### Exercise goal
From the line with "Bombki Szklane 100mm" through the line with "4-Piece Breathable Dog", repeat the entries verbatim, both end lines included, and add nothing.

Records from a collection:
▽

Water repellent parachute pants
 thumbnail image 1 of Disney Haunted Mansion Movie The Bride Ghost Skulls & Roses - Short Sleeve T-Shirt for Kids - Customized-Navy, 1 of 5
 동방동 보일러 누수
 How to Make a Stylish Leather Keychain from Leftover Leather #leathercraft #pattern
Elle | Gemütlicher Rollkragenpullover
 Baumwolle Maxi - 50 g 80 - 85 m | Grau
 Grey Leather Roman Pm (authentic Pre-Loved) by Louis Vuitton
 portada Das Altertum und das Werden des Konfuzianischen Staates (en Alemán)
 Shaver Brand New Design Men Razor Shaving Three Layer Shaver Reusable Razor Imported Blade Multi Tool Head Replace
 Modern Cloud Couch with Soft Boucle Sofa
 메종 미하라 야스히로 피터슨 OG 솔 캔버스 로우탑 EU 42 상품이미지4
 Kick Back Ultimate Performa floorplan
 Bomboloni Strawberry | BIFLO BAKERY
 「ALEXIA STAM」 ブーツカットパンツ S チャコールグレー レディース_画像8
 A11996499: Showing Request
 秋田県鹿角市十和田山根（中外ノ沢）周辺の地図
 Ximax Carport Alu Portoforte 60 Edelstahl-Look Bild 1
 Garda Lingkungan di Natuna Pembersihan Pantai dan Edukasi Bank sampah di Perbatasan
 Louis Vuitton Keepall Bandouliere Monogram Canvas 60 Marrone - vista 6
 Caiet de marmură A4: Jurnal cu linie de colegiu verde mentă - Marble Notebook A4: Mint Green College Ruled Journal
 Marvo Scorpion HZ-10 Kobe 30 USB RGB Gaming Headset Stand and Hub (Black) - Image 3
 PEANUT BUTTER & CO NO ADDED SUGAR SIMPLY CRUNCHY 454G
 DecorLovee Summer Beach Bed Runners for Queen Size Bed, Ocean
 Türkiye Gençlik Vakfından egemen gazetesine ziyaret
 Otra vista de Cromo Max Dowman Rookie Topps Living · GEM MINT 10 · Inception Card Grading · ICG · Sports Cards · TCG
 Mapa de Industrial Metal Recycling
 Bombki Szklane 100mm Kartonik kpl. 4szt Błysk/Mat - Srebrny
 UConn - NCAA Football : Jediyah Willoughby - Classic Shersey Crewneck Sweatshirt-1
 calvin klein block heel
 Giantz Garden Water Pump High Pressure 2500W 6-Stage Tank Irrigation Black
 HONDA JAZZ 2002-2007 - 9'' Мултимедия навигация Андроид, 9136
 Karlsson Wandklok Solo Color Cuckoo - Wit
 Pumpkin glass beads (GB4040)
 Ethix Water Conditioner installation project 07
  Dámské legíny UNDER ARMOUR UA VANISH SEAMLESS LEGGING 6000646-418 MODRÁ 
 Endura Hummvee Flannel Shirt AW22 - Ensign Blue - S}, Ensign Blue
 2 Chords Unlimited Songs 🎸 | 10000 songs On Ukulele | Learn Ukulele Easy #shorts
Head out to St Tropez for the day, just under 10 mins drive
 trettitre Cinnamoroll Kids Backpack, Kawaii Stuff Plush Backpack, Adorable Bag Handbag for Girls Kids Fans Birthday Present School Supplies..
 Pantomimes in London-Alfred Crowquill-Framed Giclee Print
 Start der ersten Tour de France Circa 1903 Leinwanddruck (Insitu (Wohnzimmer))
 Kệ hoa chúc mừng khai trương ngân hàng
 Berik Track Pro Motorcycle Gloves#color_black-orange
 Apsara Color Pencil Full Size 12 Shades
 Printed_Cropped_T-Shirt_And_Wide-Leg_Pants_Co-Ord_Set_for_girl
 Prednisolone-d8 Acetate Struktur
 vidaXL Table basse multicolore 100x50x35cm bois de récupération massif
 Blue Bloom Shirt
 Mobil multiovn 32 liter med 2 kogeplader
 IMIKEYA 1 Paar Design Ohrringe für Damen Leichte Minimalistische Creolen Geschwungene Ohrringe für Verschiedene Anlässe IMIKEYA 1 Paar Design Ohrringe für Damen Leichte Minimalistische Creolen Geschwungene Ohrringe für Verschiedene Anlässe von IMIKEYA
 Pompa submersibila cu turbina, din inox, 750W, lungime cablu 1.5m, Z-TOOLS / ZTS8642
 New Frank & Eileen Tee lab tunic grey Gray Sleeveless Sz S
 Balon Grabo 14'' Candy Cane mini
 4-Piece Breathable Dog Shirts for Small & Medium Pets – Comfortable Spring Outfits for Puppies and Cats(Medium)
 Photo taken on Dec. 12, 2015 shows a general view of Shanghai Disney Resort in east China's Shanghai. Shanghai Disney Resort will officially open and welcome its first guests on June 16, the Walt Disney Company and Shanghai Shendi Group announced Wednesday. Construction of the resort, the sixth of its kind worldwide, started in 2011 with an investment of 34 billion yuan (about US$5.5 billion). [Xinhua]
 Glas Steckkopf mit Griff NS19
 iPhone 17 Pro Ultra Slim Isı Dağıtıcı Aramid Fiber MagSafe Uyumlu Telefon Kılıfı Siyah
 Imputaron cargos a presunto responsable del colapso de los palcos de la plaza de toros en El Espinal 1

△

### Written answer
 Bombki Szklane 100mm Kartonik kpl. 4szt Błysk/Mat - Srebrny
 UConn - NCAA Football : Jediyah Willoughby - Classic Shersey Crewneck Sweatshirt-1
 calvin klein block heel
 Giantz Garden Water Pump High Pressure 2500W 6-Stage Tank Irrigation Black
 HONDA JAZZ 2002-2007 - 9'' Мултимедия навигация Андроид, 9136
 Karlsson Wandklok Solo Color Cuckoo - Wit
 Pumpkin glass beads (GB4040)
 Ethix Water Conditioner installation project 07
  Dámské legíny UNDER ARMOUR UA VANISH SEAMLESS LEGGING 6000646-418 MODRÁ 
 Endura Hummvee Flannel Shirt AW22 - Ensign Blue - S}, Ensign Blue
 2 Chords Unlimited Songs 🎸 | 10000 songs On Ukulele | Learn Ukulele Easy #shorts
Head out to St Tropez for the day, just under 10 mins drive
 trettitre Cinnamoroll Kids Backpack, Kawaii Stuff Plush Backpack, Adorable Bag Handbag for Girls Kids Fans Birthday Present School Supplies..
 Pantomimes in London-Alfred Crowquill-Framed Giclee Print
 Start der ersten Tour de France Circa 1903 Leinwanddruck (Insitu (Wohnzimmer))
 Kệ hoa chúc mừng khai trương ngân hàng
 Berik Track Pro Motorcycle Gloves#color_black-orange
 Apsara Color Pencil Full Size 12 Shades
 Printed_Cropped_T-Shirt_And_Wide-Leg_Pants_Co-Ord_Set_for_girl
 Prednisolone-d8 Acetate Struktur
 vidaXL Table basse multicolore 100x50x35cm bois de récupération massif
 Blue Bloom Shirt
 Mobil multiovn 32 liter med 2 kogeplader
 IMIKEYA 1 Paar Design Ohrringe für Damen Leichte Minimalistische Creolen Geschwungene Ohrringe für Verschiedene Anlässe IMIKEYA 1 Paar Design Ohrringe für Damen Leichte Minimalistische Creolen Geschwungene Ohrringe für Verschiedene Anlässe von IMIKEYA
 Pompa submersibila cu turbina, din inox, 750W, lungime cablu 1.5m, Z-TOOLS / ZTS8642
 New Frank & Eileen Tee lab tunic grey Gray Sleeveless Sz S
 Balon Grabo 14'' Candy Cane mini
 4-Piece Breathable Dog Shirts for Small & Medium Pets – Comfortable Spring Outfits for Puppies and Cats(Medium)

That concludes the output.